Work at Goins Lumber and supply.
Dock worker at a B&M Ft House
Waiting fro the train.
Delivery at Alfonso Mill.
Going to work.
Switch man at LL tower. All turnouts are hand throws. So someone has to throw them.
Loading at Lowell Junction. ( The back drop was done using water color craft paints and dabbing with a brush. The trees are a plant we call Sedum or Ever Lasting. They turn reddish in the fall and last through the winter. When dry they are sprayed with glue and then a mix of ground foam colors.)
Freight station worker at the Lowell Junction Ft,. House.
At the Bag-O-Crete plant and the Bowery in the back ground. Carling Black label.
LJ tower. There are worker inside, too.
RR worker.
It is the people who make the layout live. On the layouts I have either done or done the scenery, there are probably 1,000 little people. I know that on one grand station I did had at least 100 people on the platform.
At train shows, I pick up bags of people that they are selling from layouts that have been decommissioned, (torn down.)
Dan”
A huge big thanks to Dan for sharing his tips on model train people.
Martin’s sent this wonderful narrative and pics of his O scale layout 17×13:
“Hi Al,
I suppose I’ve been into model railways since a very young age, my earliest memories are of Hornby O gauge clockwork train sets for Christmas and then on to Tri-ang OO gauge.
When I was around 14, I dabbled in American HO with the fictitious name of the Empire, Midland and Lake Shore Railroad. This came to nothing, and I drifted in and out of the scene, trying gauges from N to G.
Nothing ever really lasted that long before other interests, music and girls took over, both costing much more than model railways ever did.
Fast forward now to my recent early retirement on health grounds and subsequently my age…
O scale layout 17×13
My loft is boarded and permission was granted for a model railway to be built there. I had a skylight fitted to aid ventilation and installed extra power to the wires that were already up there.
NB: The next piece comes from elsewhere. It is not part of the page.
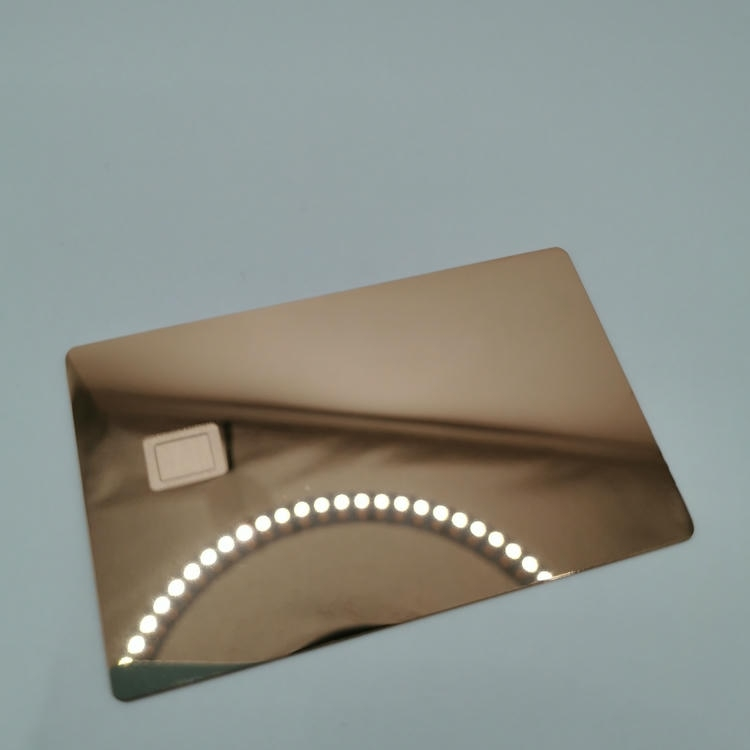 Geborstelde metalen NFC-kaarten voor zakelijke identificatie; met retailverpakking; voor kopers die oplossingen met Metalen contact IC-kaarten vergelijken.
The loft had previously been used for storage of all those things that might come in handy one day, but never do… my woodworking skills are zero and I didn’t want to go to the expense of a wooden baseboard and the weight the floor would have to carry.
So, a search on eBay brought me to lightweight interlocking and height adjustable aluminium framed tables, at 3 for £30, these looked ideal and were bought.
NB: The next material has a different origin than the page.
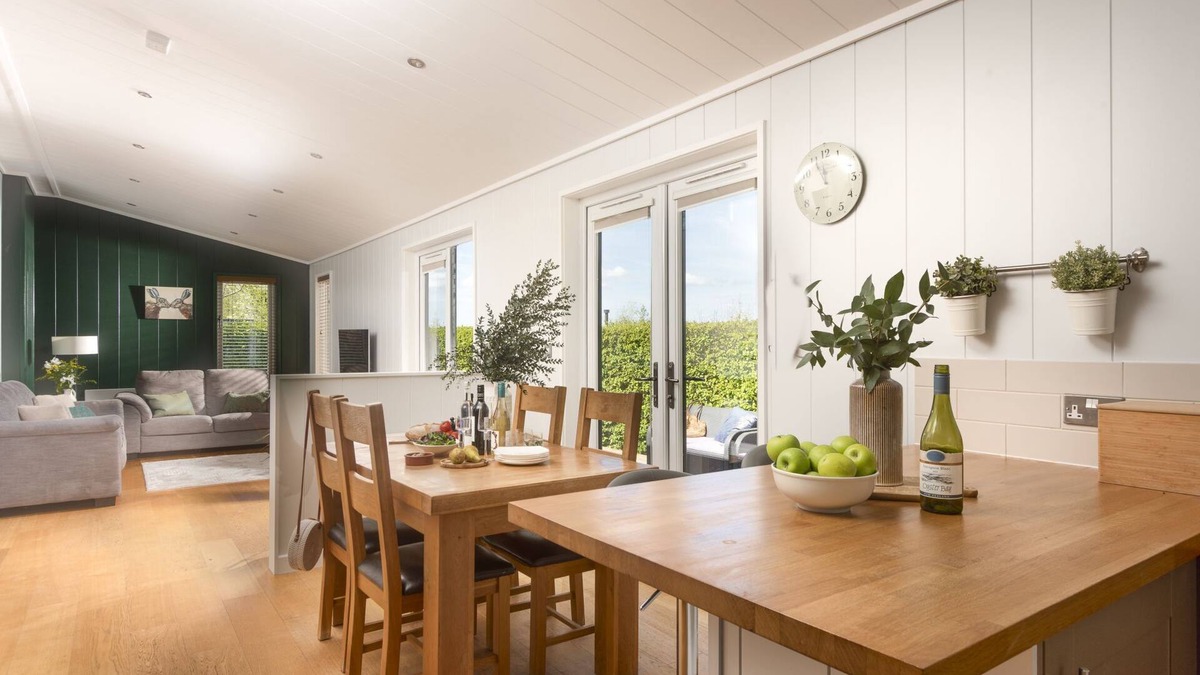 Cheddar Cabin | Diamond Lodge, Strawberryfield Park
When they arrived, I quickly took them into the loft and built them up. There were four height settings, the highest being just right, and metal clips to lock each table to the next one. They also had a flimsy hardboard top, which was not really useful as I bent very easily. More were ordered.
My neighbour was having their loft converted into more rooms and I ‘borrowed’ a sheet of insulation foam. This was ideal as I rested on the frame work of the tables and was so rigid I could overlap one table to another, making a very strong but lightweight base for the railway.
The foam also took PVA glue very easily and was great and very easy to work with.
The layout was to be a British based industrial line with a cement works and small harbour as the main points of interest.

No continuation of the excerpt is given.